One of these was the Farewell Dinner last night which was well-attended by cruisers (all talking endlessly about how cold it has become and wondering about the late-season cyclones). As well as a good buffet dinner and an exhibit by representatives from a marina in Fiji, Naylene from the office was providing excellent entertainment by singing and playing the keyboard. Randall and I danced a bit (mostly on our own) but we were completely overshadowed by an excellent performance by a local Kapa Haka troupe.
Māori men performing a war haka
War hakas were the traditional war cry, dance, or challenge that the Māori performed before battle to provide group unity and to intimidate the opposition. They have been made famous internationally by New Zealand sports teams such as the New Zealand “All Blacks” national rugby union team. Other, less aggressive, hakas are used to welcome distinguished guests and to acknowledge significant achievements and events. Kapa hakas (literally translates to “form a line and dance”) are the Māori performance art that involves harmonic choral singing of a suite of various songs (e.g., entrance, action, challenge, old-style, and exit songs) and dancing. The latter is usually in lines with the women mostly performing hula-like dances with graceful hand movements but they also have more intimidating dances twirling balls on strings (poi) or using sticks. The men tend to use loud chants and shouts, fierce warrior-like fist-pumps, stomping gestures, and aggressive facial expressions. Men may have tattoos over their whole face (real or painted) and women have them extending below their mouths and across their chins so that when they open their eyes and mouths widely, the effect is quite alarming.
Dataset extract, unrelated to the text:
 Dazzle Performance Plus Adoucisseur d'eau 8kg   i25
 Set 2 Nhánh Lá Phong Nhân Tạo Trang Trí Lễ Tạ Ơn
Members of the group that we watched are mostly from three-generations of a local extended-family and some of their performances were accompanied by guitar and all were explained by the grandmother and her son. Being confined inside the meeting hall, the performance was particularly intense.
Māori women performing a poi dance
Having not seen a traditional Māori kapa haka before, Randall and I were very pleased to have this opportunity before we leave New Zealand. It seemed like a very fitting farewell gesture. Now we wait to see if our Plan B (departure on May 13th) comes to fruition.